L'écrivain Michel Forger anime une émission musicale à la radio, il passe l'Ouverture de Manfred de Schumann, et c'était comme s'il eût fait tourner les tables, Bernard surgit d'entre les ombres. Il évoque malgré lui, tel un lapsus, ce "frère qu'on aime et qu'on hait", "frère perdu et maudit","frère qui détient à jamais une part de votre vérité". C'est avec Bernard que Michel découvre la musique, pas celle des parents mélomanes, mais le jazz. Le grand frère fait écouter au cadet, au "Fil de fer", au "p'tit con", et une kyrielle d'autres surnoms aussi peu amènes dont il l'affuble, Petite Fleur de Sydney Bechet ; quand Bernard est appelé en Algérie, il lègue à Michel sa collection de disques ; plus tard il lui offre le premier enregistrement en microsillon de l'Adagio d'Albinoni...

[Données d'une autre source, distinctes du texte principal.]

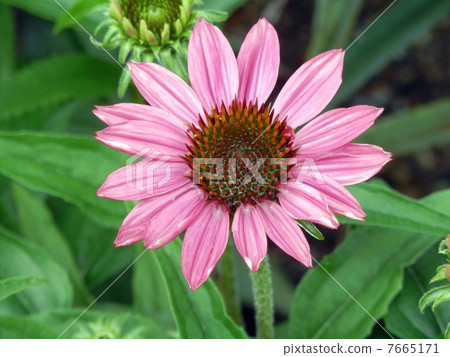 Echinacea Echinacea 7665171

Ce n'est pas seulement la musique, mais aussi les films, la piscine, les filles, l'amour, c'est-à-dire le manque, ce pressentiment de la mort, que Bernard fait partager à Michel. La lettre d'une auditrice parvient à l'animateur écrivain : elle parle de la peau de Bernard, son eau de toilette Old Spice et son odeur de tabac... L. fut "la femme que Bernard n'avait jamais cessé d'aimer" et également la maîtresse de Michel, qui ne l'a pas aimée - c'est que L. et Michel aimaient certainement le même homme. Pour démêler l'écheveau de ces amours paradoxales, le narrateur va enquêter, rendre visite à L., aujourd'hui vieille dame retirée, mais aussi revisiter son enfance dans la maison de Melun. Le roman nous entraîne chez les Forger - grande bourgeoisie déclassée, des brasseurs de l'Est ruinés - qui n'ont plus que les livres et la culture en héritage. Sept enfants, dont deux seulement sont de mêmes parents. Le père, Laurent, homosexuel honteux et triste, qui reconnaîtra tous les rejetons de sa femme. La mère, douairière abusivement aimante, d'origine roumaine, jadis grande violoniste mais depuis longtemps alcoolique. Bernard est parti se battre dans les Aurès avec son régiment de paras (sur les assassinats, les viols, la torture, il ne dira rien). Il en ressort vivant, mais, de retour dans le civil, il est mort. La violence de la guerre n'aura pas eu raison de sa violence et de sa propre guerre, intérieures. Il se survit à lui-même pendant vingt ans avant de se tirer une balle dans la poitrine.